* Provided data:
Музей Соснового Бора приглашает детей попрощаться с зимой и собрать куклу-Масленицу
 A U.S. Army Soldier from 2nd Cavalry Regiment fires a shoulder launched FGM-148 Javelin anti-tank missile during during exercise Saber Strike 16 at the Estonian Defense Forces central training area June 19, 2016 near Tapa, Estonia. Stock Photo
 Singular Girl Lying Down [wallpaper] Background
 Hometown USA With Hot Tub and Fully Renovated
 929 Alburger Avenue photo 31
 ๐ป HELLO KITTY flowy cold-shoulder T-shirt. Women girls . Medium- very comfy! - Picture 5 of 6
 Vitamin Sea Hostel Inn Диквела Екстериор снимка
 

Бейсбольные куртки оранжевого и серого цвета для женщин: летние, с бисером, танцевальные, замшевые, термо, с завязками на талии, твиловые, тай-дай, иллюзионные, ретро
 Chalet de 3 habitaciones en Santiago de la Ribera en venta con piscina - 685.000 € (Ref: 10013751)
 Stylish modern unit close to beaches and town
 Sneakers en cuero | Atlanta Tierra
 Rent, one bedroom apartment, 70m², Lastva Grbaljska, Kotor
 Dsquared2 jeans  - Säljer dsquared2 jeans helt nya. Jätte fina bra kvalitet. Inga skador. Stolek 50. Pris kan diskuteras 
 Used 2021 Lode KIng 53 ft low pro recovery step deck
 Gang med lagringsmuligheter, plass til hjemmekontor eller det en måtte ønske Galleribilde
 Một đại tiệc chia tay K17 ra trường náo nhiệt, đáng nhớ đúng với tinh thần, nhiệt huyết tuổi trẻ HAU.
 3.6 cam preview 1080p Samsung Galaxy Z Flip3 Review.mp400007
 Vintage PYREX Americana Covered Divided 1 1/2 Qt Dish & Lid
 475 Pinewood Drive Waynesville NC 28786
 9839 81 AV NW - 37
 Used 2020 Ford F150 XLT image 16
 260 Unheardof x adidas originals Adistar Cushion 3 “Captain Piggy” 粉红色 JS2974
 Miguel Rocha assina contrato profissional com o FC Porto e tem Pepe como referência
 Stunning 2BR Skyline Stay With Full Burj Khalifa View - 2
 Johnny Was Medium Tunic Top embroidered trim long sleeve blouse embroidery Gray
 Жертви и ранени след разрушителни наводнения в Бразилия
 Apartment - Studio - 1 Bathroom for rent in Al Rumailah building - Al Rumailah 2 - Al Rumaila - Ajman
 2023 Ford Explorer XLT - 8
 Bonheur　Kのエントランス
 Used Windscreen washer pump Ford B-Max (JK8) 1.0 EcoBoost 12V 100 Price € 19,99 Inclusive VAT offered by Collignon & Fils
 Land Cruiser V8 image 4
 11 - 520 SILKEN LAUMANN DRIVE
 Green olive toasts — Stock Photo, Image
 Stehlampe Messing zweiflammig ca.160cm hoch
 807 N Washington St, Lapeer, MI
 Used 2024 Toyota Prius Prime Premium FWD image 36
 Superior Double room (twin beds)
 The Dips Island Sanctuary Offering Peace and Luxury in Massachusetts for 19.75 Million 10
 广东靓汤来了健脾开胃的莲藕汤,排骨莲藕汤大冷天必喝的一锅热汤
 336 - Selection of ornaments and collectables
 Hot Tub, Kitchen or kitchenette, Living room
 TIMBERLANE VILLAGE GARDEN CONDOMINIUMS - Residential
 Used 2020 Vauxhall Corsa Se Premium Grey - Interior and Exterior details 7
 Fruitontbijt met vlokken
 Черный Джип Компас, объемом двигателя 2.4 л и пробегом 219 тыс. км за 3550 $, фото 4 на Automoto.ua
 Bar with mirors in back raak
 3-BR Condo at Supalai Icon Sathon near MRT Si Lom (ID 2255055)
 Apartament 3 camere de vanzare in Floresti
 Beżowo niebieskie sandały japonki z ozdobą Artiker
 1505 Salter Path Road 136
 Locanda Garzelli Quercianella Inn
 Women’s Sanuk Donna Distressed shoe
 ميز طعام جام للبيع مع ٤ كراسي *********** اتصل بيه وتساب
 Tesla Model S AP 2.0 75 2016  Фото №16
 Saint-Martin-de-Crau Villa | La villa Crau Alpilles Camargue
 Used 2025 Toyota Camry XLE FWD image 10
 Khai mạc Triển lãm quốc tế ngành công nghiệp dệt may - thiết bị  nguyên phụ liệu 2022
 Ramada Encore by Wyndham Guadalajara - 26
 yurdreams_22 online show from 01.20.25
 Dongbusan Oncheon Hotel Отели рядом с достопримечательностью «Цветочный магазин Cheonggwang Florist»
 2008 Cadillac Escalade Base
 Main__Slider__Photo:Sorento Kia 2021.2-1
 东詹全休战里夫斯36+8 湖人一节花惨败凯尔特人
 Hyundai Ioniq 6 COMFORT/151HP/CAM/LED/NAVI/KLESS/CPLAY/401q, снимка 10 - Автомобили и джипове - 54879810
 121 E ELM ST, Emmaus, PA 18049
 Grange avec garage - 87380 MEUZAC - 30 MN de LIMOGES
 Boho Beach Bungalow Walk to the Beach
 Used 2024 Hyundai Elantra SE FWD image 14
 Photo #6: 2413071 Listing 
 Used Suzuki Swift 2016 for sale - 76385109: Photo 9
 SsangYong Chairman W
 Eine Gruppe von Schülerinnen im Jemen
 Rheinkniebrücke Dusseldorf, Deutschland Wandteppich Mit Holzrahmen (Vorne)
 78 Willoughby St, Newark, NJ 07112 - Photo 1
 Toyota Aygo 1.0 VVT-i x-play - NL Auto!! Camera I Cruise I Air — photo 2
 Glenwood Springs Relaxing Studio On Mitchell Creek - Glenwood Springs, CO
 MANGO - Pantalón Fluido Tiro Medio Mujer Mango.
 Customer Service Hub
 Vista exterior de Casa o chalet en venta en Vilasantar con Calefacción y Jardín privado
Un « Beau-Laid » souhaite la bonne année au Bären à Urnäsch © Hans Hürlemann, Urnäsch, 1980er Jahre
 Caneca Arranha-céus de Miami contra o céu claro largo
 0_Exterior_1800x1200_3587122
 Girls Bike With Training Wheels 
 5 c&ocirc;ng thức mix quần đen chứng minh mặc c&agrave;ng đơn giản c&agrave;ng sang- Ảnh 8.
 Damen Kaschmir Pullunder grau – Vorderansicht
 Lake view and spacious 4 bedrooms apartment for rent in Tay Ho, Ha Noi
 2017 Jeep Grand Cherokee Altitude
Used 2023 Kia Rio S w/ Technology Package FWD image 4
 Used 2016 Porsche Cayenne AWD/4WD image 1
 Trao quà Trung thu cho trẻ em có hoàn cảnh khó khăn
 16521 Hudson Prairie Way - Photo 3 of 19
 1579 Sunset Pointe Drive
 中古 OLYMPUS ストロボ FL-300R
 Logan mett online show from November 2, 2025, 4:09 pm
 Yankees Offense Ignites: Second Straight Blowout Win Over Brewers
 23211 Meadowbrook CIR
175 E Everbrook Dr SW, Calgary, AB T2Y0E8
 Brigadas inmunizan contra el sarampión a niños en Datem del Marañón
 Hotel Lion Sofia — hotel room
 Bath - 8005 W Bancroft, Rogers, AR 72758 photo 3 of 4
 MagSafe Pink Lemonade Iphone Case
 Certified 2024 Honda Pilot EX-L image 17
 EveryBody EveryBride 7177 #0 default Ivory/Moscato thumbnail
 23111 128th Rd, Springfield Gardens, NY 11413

* Goal of the exercise:
Emit verbatim the lines running from the one with "中古 OLYMPUS ストロボ FL-300R" through the last line of the data, both endpoints inclusive.

* Result:
 中古 OLYMPUS ストロボ FL-300R
 Logan mett online show from November 2, 2025, 4:09 pm
 Yankees Offense Ignites: Second Straight Blowout Win Over Brewers
 23211 Meadowbrook CIR
175 E Everbrook Dr SW, Calgary, AB T2Y0E8
 Brigadas inmunizan contra el sarampión a niños en Datem del Marañón
 Hotel Lion Sofia — hotel room
 Bath - 8005 W Bancroft, Rogers, AR 72758 photo 3 of 4
 MagSafe Pink Lemonade Iphone Case
 Certified 2024 Honda Pilot EX-L image 17
 EveryBody EveryBride 7177 #0 default Ivory/Moscato thumbnail
 23111 128th Rd, Springfield Gardens, NY 11413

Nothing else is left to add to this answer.